Jason Bedrick on Religious Freedom & Private School Autonomy
Bob and Cara talk with Jason Bedrick, EdChoice’s director of policy, about New York’s controversial “substantial equivalency” proposal that would give the state Department of Education oversight of school curricula at yeshivas and other private and parochial academies to ensure parity with their public school counterparts. Jason explores the historical roots of “substantial equivalency” statutes, and questions their compatibility with a free and pluralistic society. He points to European approaches to educational pluralism, and New York’s case, as bellwethers for the rest of the country. This battle is the subject of Jason’s forthcoming book with Jay Greene, Yeshivas vs. the State of New York: A Case Study in Religious Liberty and Education.
Stories of the Week: In Michigan, a new partnership model to improve struggling schools that serve 50,000 students puts the districts themselves in charge of managing their own turnaround plans instead of the state – can this strategy work? Is Texas’s cap on special education services an arbitrary and unfair denial in violation of federal disability laws, or a legitimate effort to limit over-classification of special needs students?

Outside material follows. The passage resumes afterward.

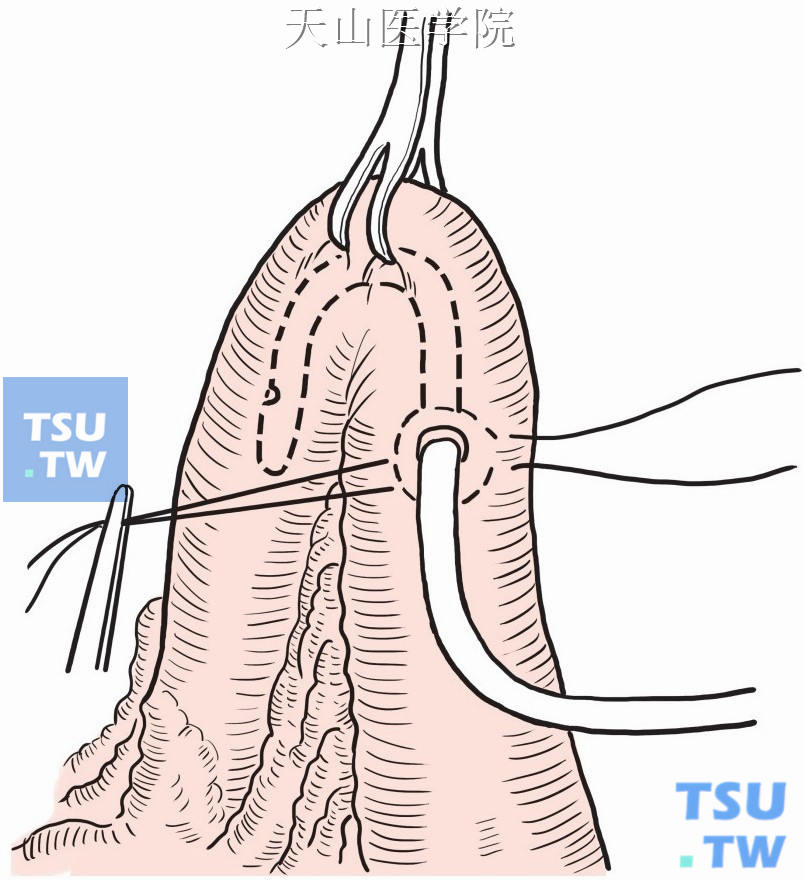 回肠双腔造瘘术图片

A new report claims that teacher morale has fallen dramatically, from 50 percent in 2018 to 34 percent in 2019 – how can we change course?
Commentary of the Week: Erik Hanushek in Education Next, “Professionalizing Teaching and Winning the Salary Wars.”
Tweet of the Week: Marilyn Muller ~ Dyslexia Advocate @1in5advocacy
Wait…you have two children in private school, but you’re raging at us about saving public schools, and our choices to remove our neurodiverse IDEA children from public school over the abuse #FAPEdenied inflicts?! Respectfully, isn’t that the definition of hypocrite?
— Marilyn Muller ~ Dyslexia Advocate (@1in5advocacy) November 13, 2019
Newsmaker Interview Guest:
Jason Bedrick is director of policy for EdChoice. Previously, Bedrick served as policy analyst with the Cato Institute’s Center for Educational Freedom. He also served as a legislator in the New Hampshire House of Representatives and was an education policy research fellow at the Josiah Bartlett Center for Public Policy. Bedrick received his master’s degree in public policy from the John F. Kennedy School of Government at Harvard University, where he was a fellow at the Taubman Center for State and Local Government.